Gestern Abend, als das High-1-Skiresort die 800 Kongress-Teilnehmer zum pompösen Dinner geladen hatte und auf einmal die Behauptung die Runde machte, dass nun Planica und nicht mehr Zakopane Top-Favorit sei, da wurde es Stefan Huber zu bunt: „Was wollt ihr eigentlich? Schaut mal, wo wir sitzen. Und in welches Stockwerk bringt uns der Hotellift eigentlich allabendlich?“, fragte er. Huber, der als Geschäftsführer der Skisport- und Veranstaltungs-GmbH seit einem Jahr an der Bewerbung bastelt, blickte in die Runde, zog die Augenbrauen nach oben und genoss es, dass am Oberstdorfer Tisch doch noch nicht alle grauen Zellen eingeschlafen waren. „Klar, 17“ und „Ja genau“ hörte er – und fasste zusammen: „Na, wenn das mal kein gutes Omen ist.“ Dass ihm dieser Satz zwei Minuten zu spät, nämlich um exakt 20.19 Uhr, über die Lippen ging, soll den Funken Oberstdorfer Hoffnung nicht erlöschen. Die Zahl 17 als Glücksbringer für die WM 2017.

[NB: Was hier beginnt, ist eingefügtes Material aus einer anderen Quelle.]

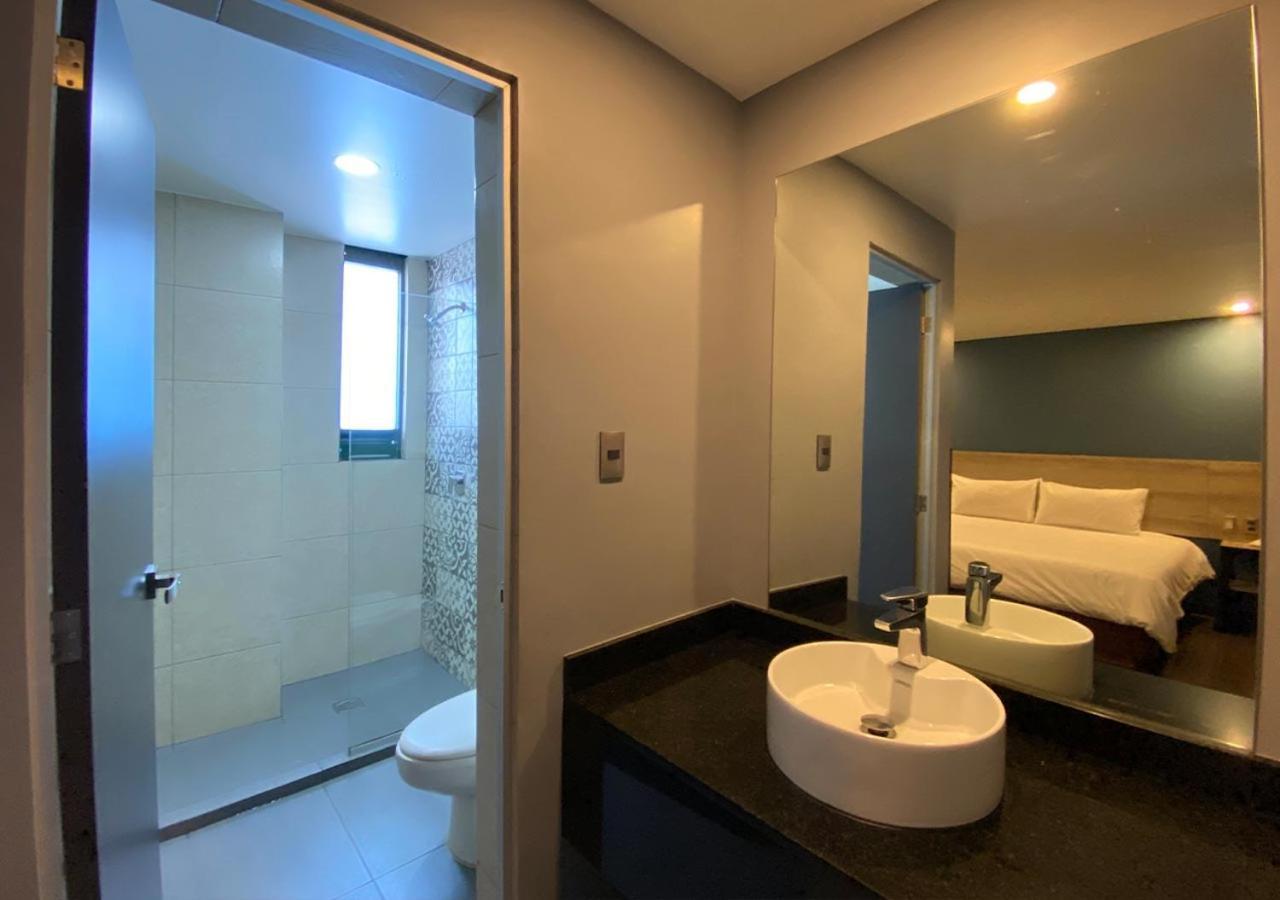 Hotel Estrella De Oriente メキシコシティ エクステリア 写真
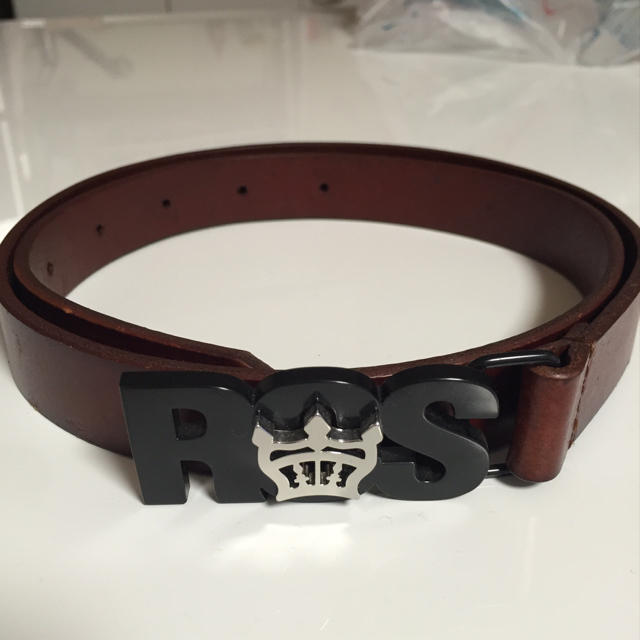 RODEO CROWNS(ロデオクラウンズ)のRCS★ベルト レディースのファッション小物(ベルト)の商品写真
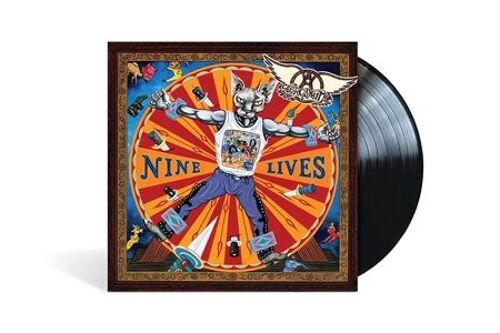 Nine Lives - Vinyle 33 Tours
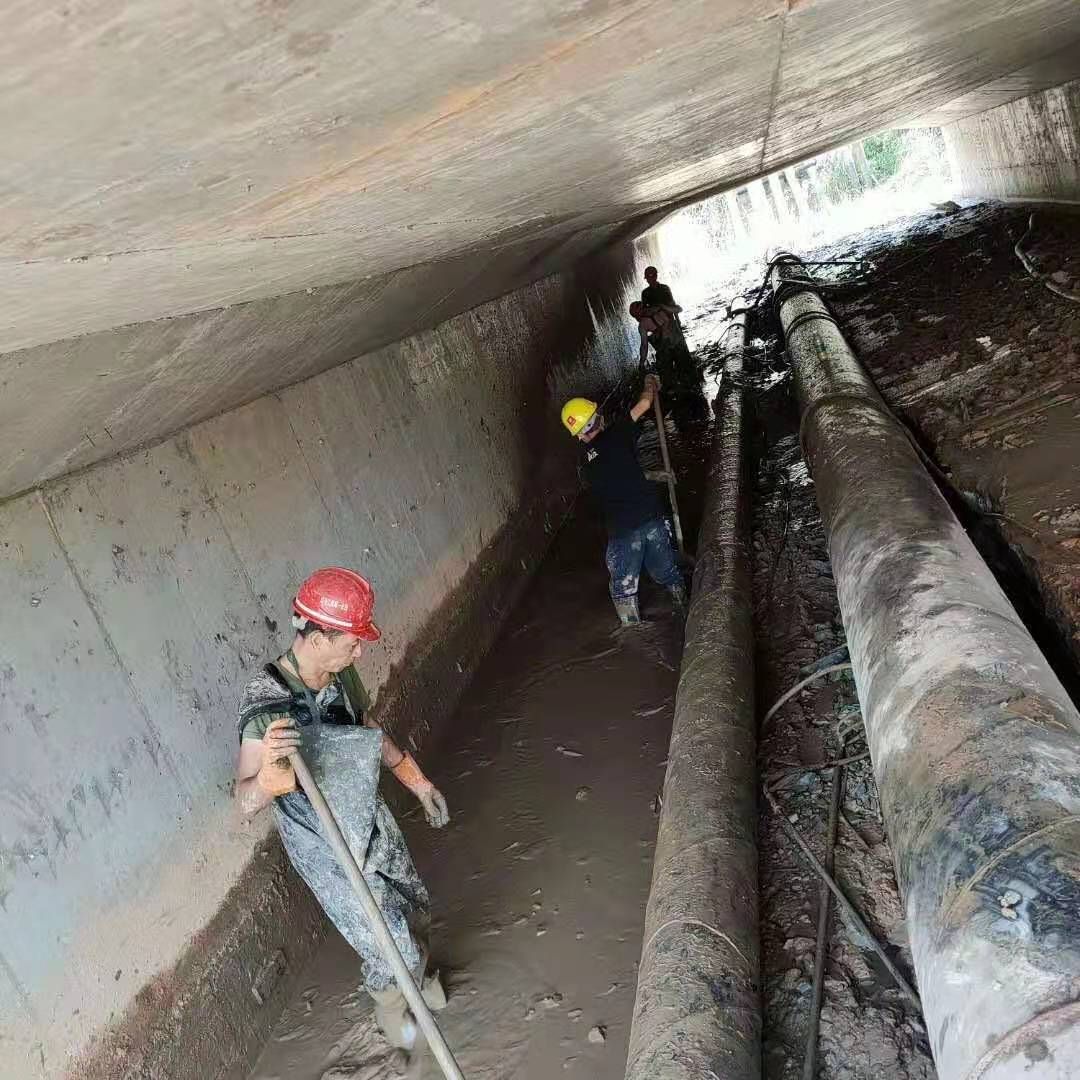 吉安工业管道清淤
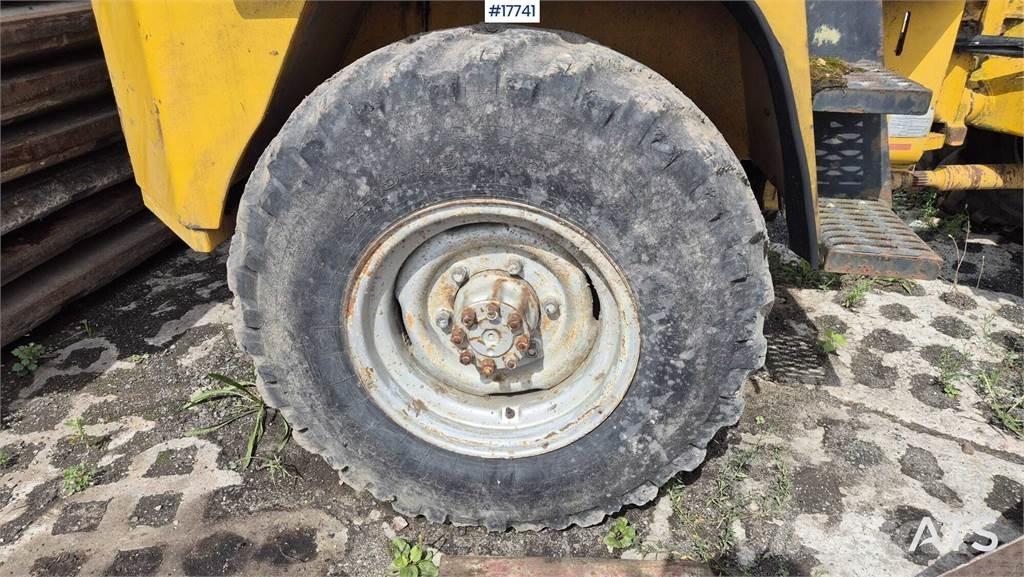Paus AKD 20 Minidumper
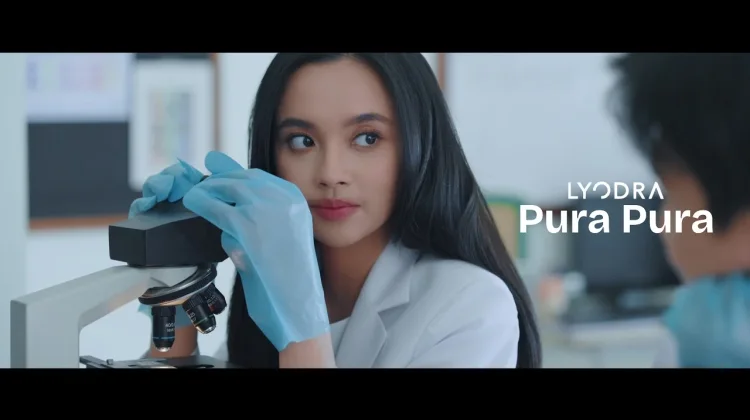 Lirik Lagu "Pura Pura" - Lyodra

Glück hin oder her, es hat sich in den letzten Tagen deutlich herauskristallisiert, dass Oberstdorf vor der heutigen Entscheidung um zwölf Uhr deutscher Zeit eher Außenseiter-Chancen hat.
Stimmen wichtiger als Lob
„Ich kann mir gut vorstellen, dass sich viele Council-Mitglieder bis zuletzt offenlassen, für wen sie stimmen“, sagte Alfons Hörmann, Präsident des Deutschen Skiverbandes und seit zwei Jahren selbst Mitglied im FIS-Vorstand. Oskar Fischer, ein Duz-Freund von FIS-Präsident Gian Franco Kasper und aufmerksamer Zuhörer auf den Kongress-Gängen, glaubt an ein äußerst knappes Ergebnis. Die absolute Mehrheit (acht von 15 Stimmen) ist bei vier Bewerbern in einem Wahlgang kaum möglich. „Da jeweils der Kandidat mit den schlechtesten Stimmen ausscheidet, kann sich das Blatt auch immer wieder wenden“, glaubt der 73-jährige Oberstdorfer an ein spannendes Kopf-an-Kopf-Rennen. „Wütend“ würde ihn nur eines machen: „Wenn Zakopane nach drei gescheiterten Versuchen aus Mitleid den Zuschlag bekommt.“ Deren Präsentation sei nämlich eher durchschnittlich gewesen, und die kurzfristigen Absagen der Junioren-WM 2010 sowie eines Kombinations-Weltcups im letzten Winter (den dann Oberstdorf übernahm) würden eine deutliche Sprache sprechen, wie es mit dem Organisationstalent der Polen bestellt sei. Ein Pauschallob bekamen dagegen die Vorstellungen von Oberstdorf, Lahti und Planica. Doch von dieser gut gemeinten Zustimmung, das haben die letzten beiden erfolglosen Kandidaturen gezeigt, kann sich vor allem Oberstdorf nichts kaufen. „Wir brauchen kein Lob, sondern Stimmen“, hatte Stefan Huber noch vor zwei Tagen gesagt. Aberglaube war da noch gar kein Thema.